B. The Fund and the Adviser, jointly and severally, represent and
warrant to the Sub-adviser that the Disclosure Documents will fully comply with
the provisions of the Securities Act of 1933, as amended, the Securities
Exchange Act of 1934, as amended, the Investment Company Act of 1940, as
amended, and other applicable laws, and the Disclosure Documents at all such
times will not contain an untrue statement of a material fact or omit to state a
material fact required to be stated therein or necessary to make the statements
therein not misleading, except that this representation and warranty does not
apply to statements or omissions in the Disclosure Documents made in reliance
upon information furnished to the Fund or the Adviser in writing by the
Sub-adviser which the Fund had informed the Sub-adviser was to be used, or which
the Sub-adviser had acknowledged was to be used, in the particular Disclosure
Document.
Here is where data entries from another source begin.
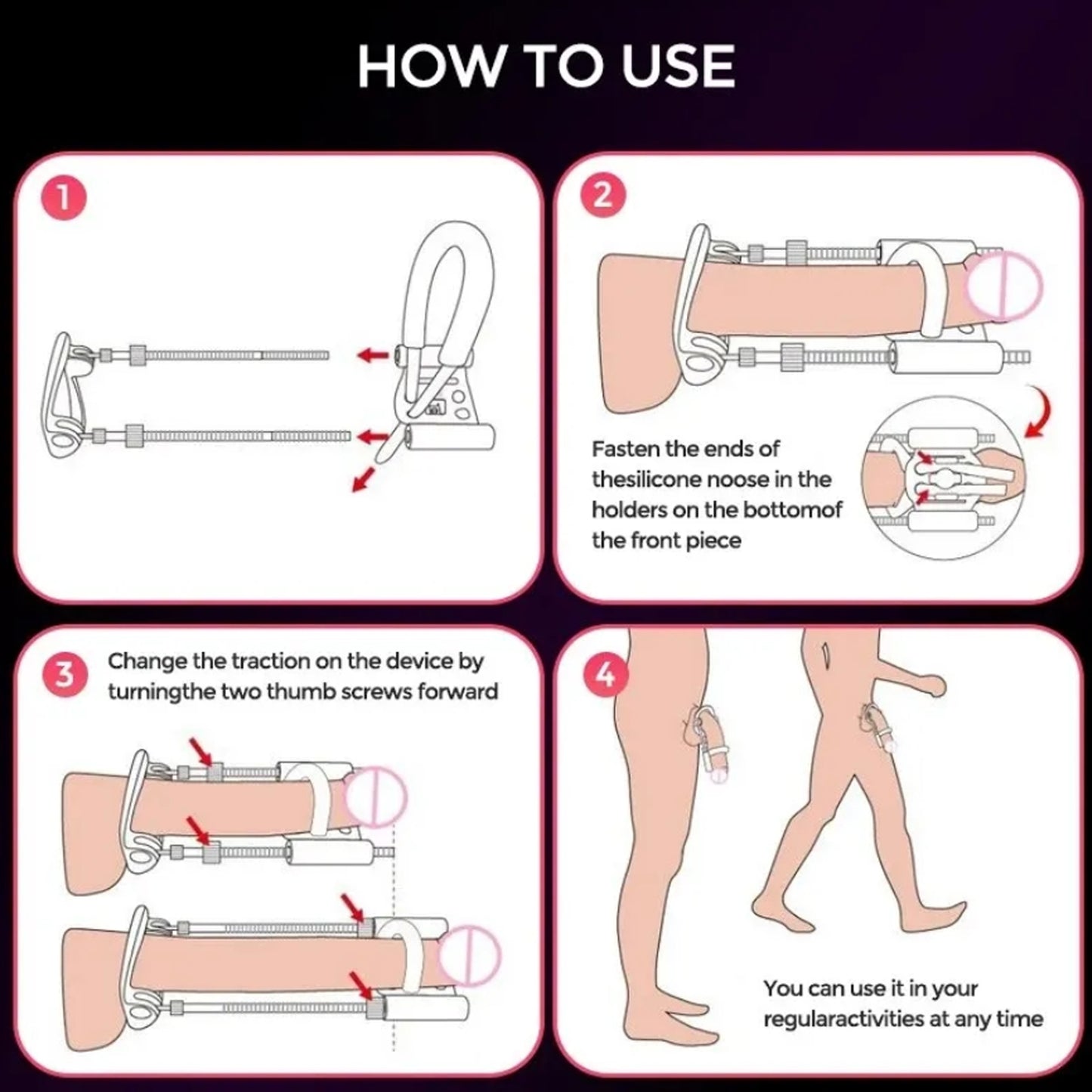 Male penis enlargement device Extension Enlarge Device Penis Enlargement Kit Length & Angle Adjustable Penis Training Device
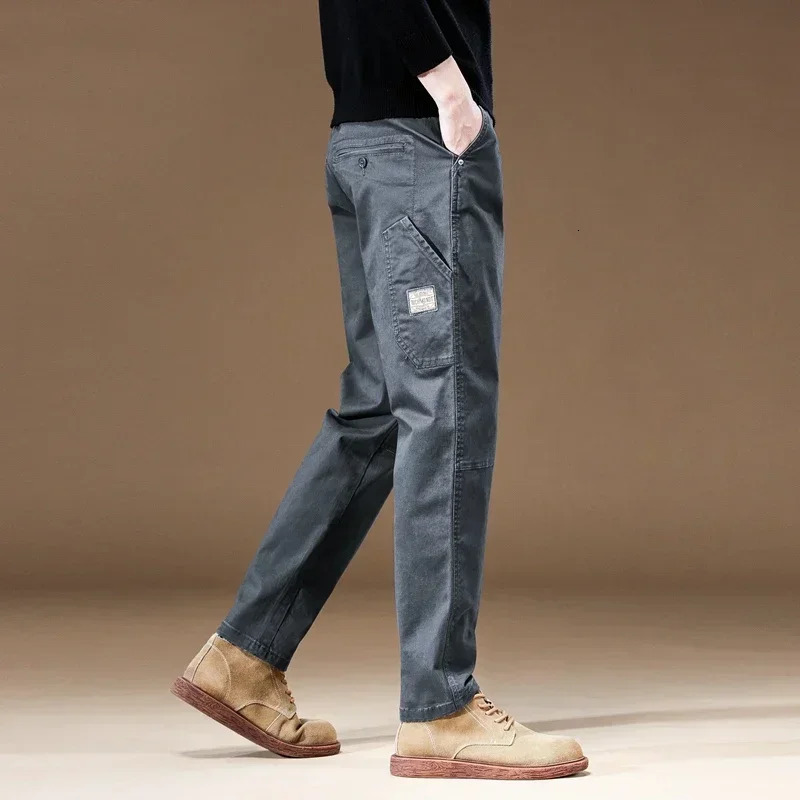 Autumn mens 97 pure cotton jogging cargo pants retro solid color Korean style straight loose casual 250326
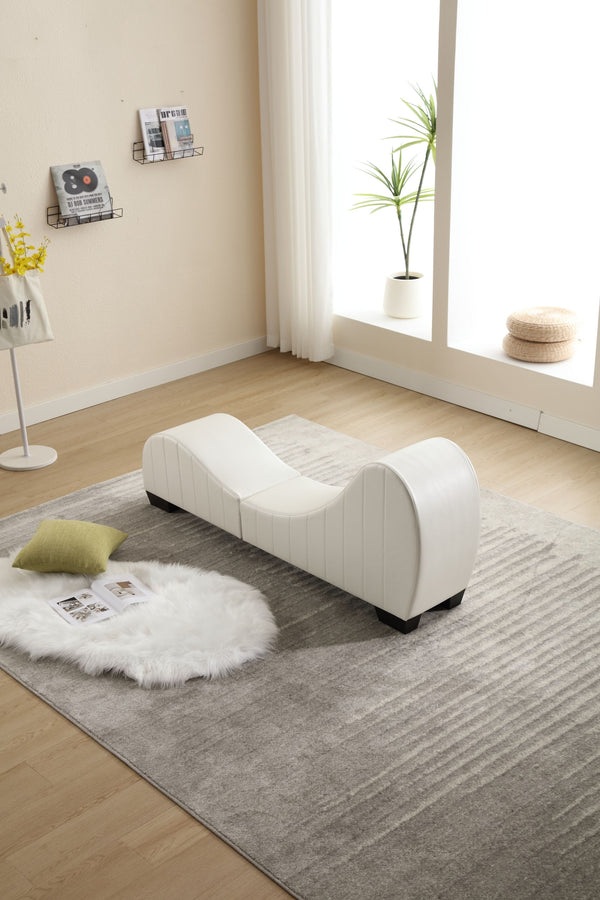 English Elm Factory Yoga Chaise Lounge for Stretching & Relaxation — Modern Faux Leather Curved Sofa Accent Piece White W1628120178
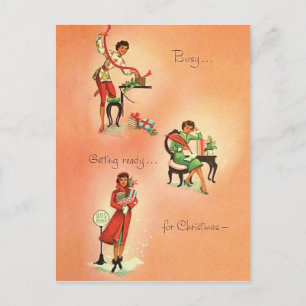 Unga flickor får redo till jul, vintage vykort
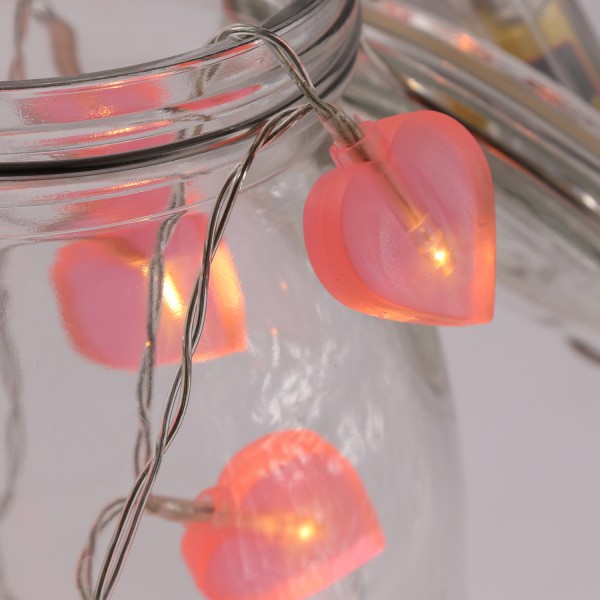 LED Lichterkette Herzen - 10 warmweiße LED - L: 90cm - Batteriebetrieb - rosa
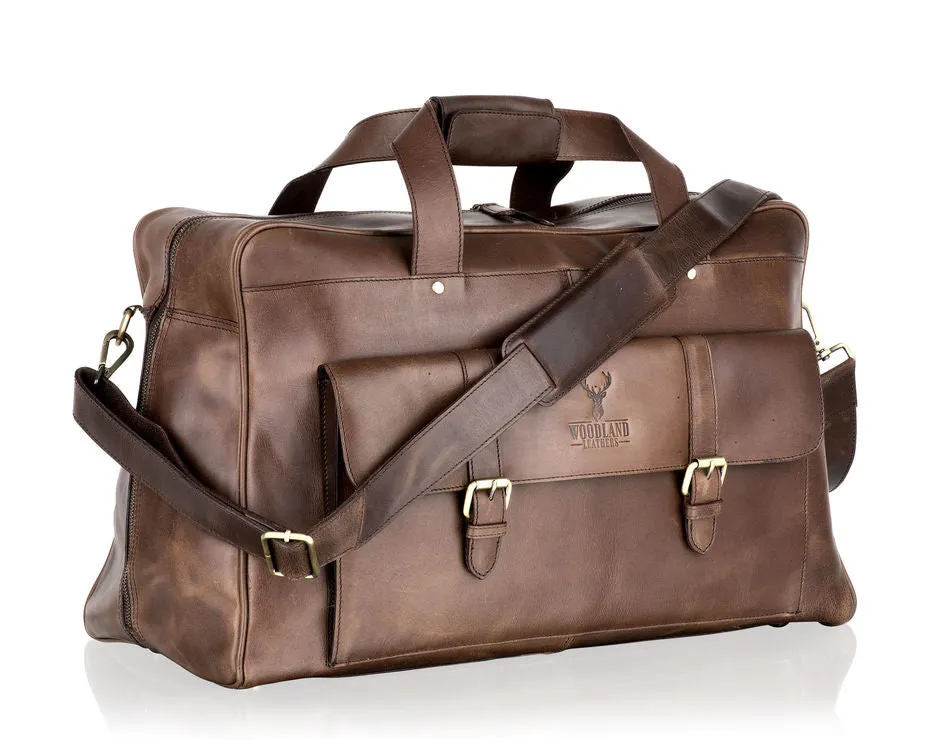 Woodland Leathers Brown Leather Weekend Holdall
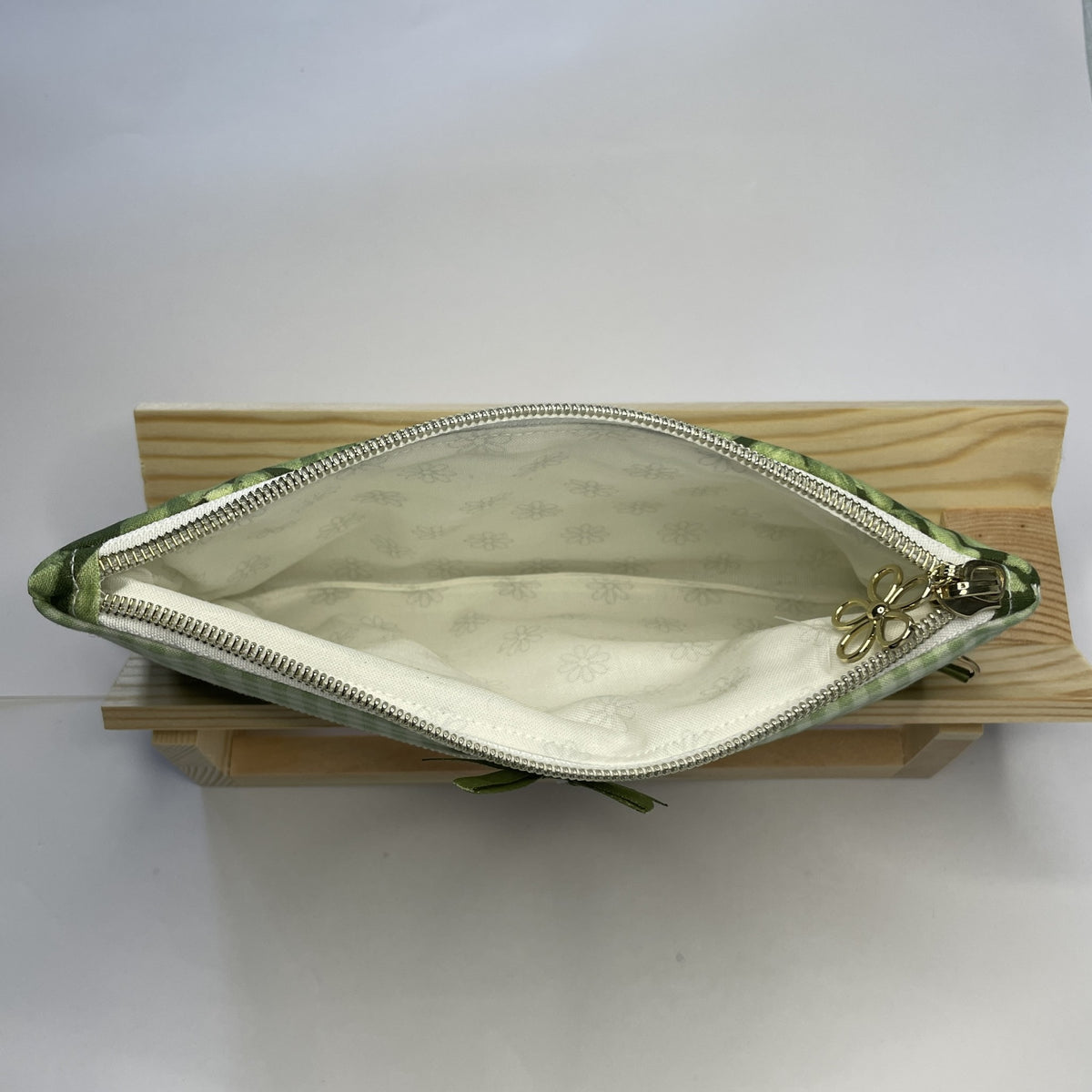 Pencil Case-2 Sections-Jungle Aria Petals Green Leaves on Dark Green-8.5"x4.25"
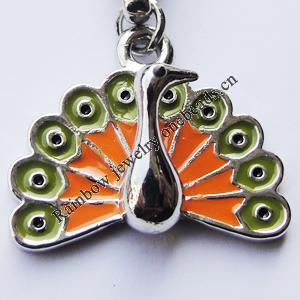 Zinc Alloy Enamel Pendant, Nickel-free & Lead-free, A Grade Animal 17x21mm Hole:2mm, Sold by PC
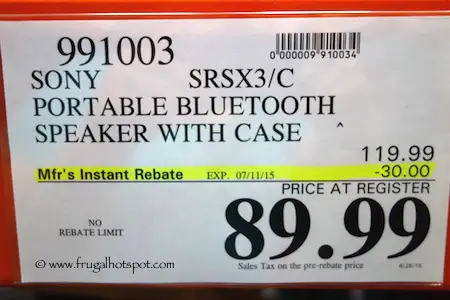 Sony SRS-X3KIT Portable Bluetooth Speaker Costco Price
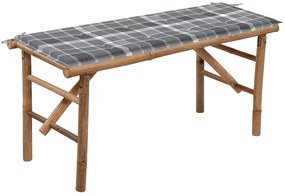 Banco de jardim dobrável com almofadão 118 cm bambu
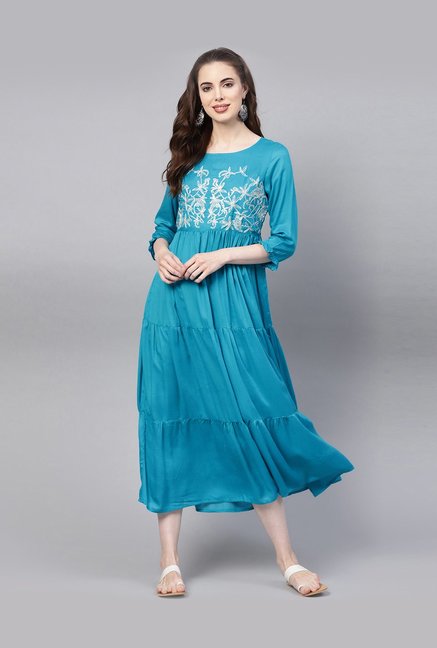 Jaipur Kurti Blue Embroidered A-Line Dress Price in India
The Fund and the Adviser will notify the Sub-adviser promptly of the
happening of any event which in the judgment of the Fund or the Adviser makes
any statement made in the Disclosure Documents untrue in any material respect or
requires the making of any changes in the Disclosure Documents in order to make
the statements therein, in the light of circumstances under which they were
made, not misleading in any material respect, except that the Fund and the
Adviser need not make such notification with respect to information in the
Disclosure Documents based upon information furnished in writing to the Fund or
the Adviser by the Sub-adviser which the Fund had informed the Sub-adviser was
to be used, or which the Sub-adviser had acknowledged was to be used, in the
particular Disclosure Document.
The Sub-adviser represents and warrants to the Fund and the Adviser
that the information furnished in writing by it which the Fund has informed it
is to be used, or which the Sub-adviser has acknowledged is to be used, in a
particular Disclosure Document, will not contain an untrue statement of a
material fact or omit to state a material fact required to be stated therein or
necessary to make the statements therein not misleading as required by the
provisions of the Securities Act of 1933, as amended, the Securities Exchange
Act of 1934, as amended, the Investment Company Act of 1940, as amended, and
other applicable laws. The Sub-adviser will notify the Fund and the Adviser
promptly of the happening of any event which in the judgment of the Sub-adviser
makes any statement made in the Disclosure Documents untrue in any material
respect or requires the making of any changes in the Disclosure Documents in
order to make the statements therein, in the light of circumstances under which
they were made, not misleading in any material respect, except that the
Sub-adviser need only make such notification with respect to information in the
Disclosure Documents based upon information furnished in writing to the Fund or
the Adviser by the Sub-adviser which the Fund had informed the Sub-adviser was
to be used, or which the Sub-adviser had acknowledged was to be used, in the
particular Disclosure Statement.
C. Notwithstanding Article X to the contrary, the Fund and the Adviser,
jointly and severally, agree to hold harmless the Sub-adviser, its directors and
officers (each such person a "Sub-adviser Indemnified Party"), and each person,
if any, who controls the Sub-adviser within the meaning of either Section 15 of
the Securities Act of 1933, as amended, or Section 20 of the Securities Exchange
Act of 1934, as amended, from and against any and all losses, claims, damages,
liabilities and expenses (including reasonable costs of investigation) arising
out of or based upon any untrue statement or alleged untrue statement of a
material fact contained in the Fund's Registration Statement or Prospectus, or
any amendment or supplement thereto, or in any preliminary prospectus, any other
communication with investors or any other submissions to governmental bodies or
self-regulatory agencies filed or distributed on or subsequent to the date first
above-written (such documents being herein referred to as "Disclosure
Documents") or arising out of or based upon any omission or alleged omission to
state therein a material fact required to be stated therein or necessary to make
the statements therein not misleading, except insofar as such losses, claims,
damages, liabilities or expenses arise out of or are based upon any such untrue
statement or omission or allegation thereof based upon information furnished in
writing to the Fund or the Adviser by the Sub-adviser which the Fund had
informed the Sub-adviser was to be used, or which the Sub-adviser had
acknowledged was to be used, in the particular Disclosure Document.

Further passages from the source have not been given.